Friday, August 2, 2013
A new study by Andrew W. Jurs and Scott DeVito revisits – and disagrees with - the innovative 2005 study by Edward Cheng and Albert Yoon that examined the impact of Daubert on litigant behavior: specifically, litigants' likelihood to remove cases from state to federal court.
Since these studies are based on the idea that litigants might remove cases to federal court to take advantage of Daubert, it would be interesting if litigators could comment (below) on whether they actually do seek removal (or fight removal) based on state/federal variance in expert gatekeeping standards . . . .
Here’s the information on the new study:
Andrew W. Jurs (Drake University Law School) and Scott DeVito (Florida Coastal School of Law)
Catholic University Law Review, Vol. 62, 2013
While Daubert was clear
in its rejection of Frye and the substantive standard for expert admissibility,
its effect on litigants has been hotly debated. Several studies since 1993 used
quantitative analysis through case study analysis and judicial surveys, to
measure Daubert’s effect. Yet these methodologies have reached contradictory
results. In 2005, Edward Cheng and Albert Yoon offered a revolutionary new
approach in their work Does Frye or Daubert Matter? A Study of Scientific
Admissibility Standards. They proposed that studying removal of cases from
State Court to Federal Court in the period 1990 to 2000 could quantitatively
demonstrate Daubert’s true effect. It works because a litigant could, by
removing a case to federal court, switch scientific admissibility standards in
some circumstances.
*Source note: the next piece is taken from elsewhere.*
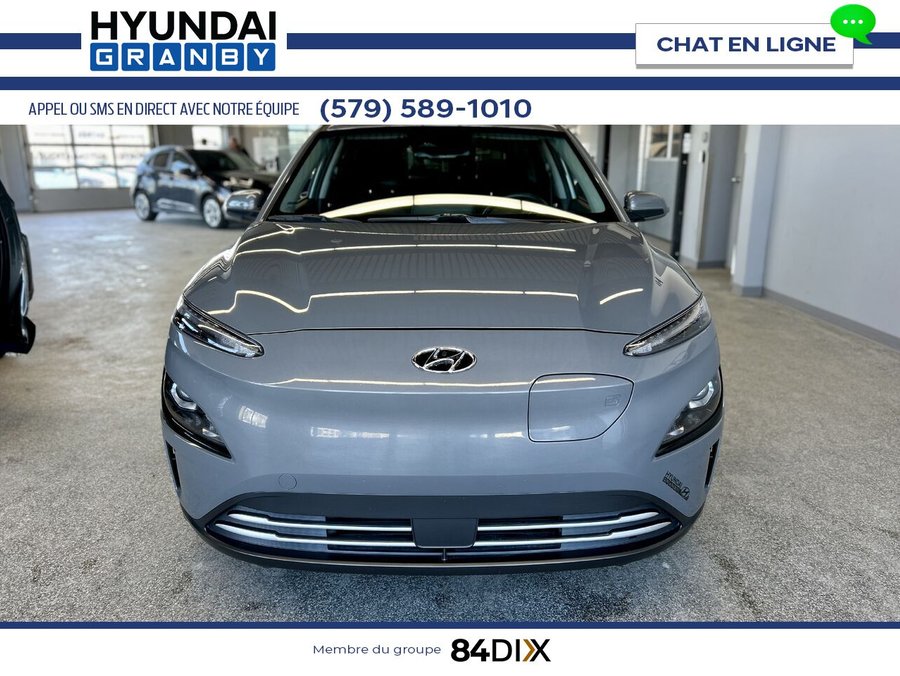 Hyundai Kona électrique 2023 2023 Gris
The aggregate change in behavior of all litigants can
therefore be measured.
We agree that removal rate offers the best hope for assessing the true effect of Daubert, and so in this study we offer our analysis of removal rates using econometric tools never before applied in this area. Our analysis reveals a startling discovery: Daubert is the stricter standard for expert admissibility. Not only does a change removal rate after Daubert clearly demonstrate this result, but it is confirmed through a “shift back” to state courts when the state also adopts Daubert and removal no longer entails a change in standards. Our results directly contrast with Cheng & Yoon’s conclusions, and so we also revisit their study and deconstruct its methodology piece-by-piece. In so doing, we will describe several errors in that study both explaining the different results but also ultimately undermining its validity.
Ultimately, our research into aggregate case data from real cases demonstrates a new and conclusive finding: Daubert has been the stricter standard.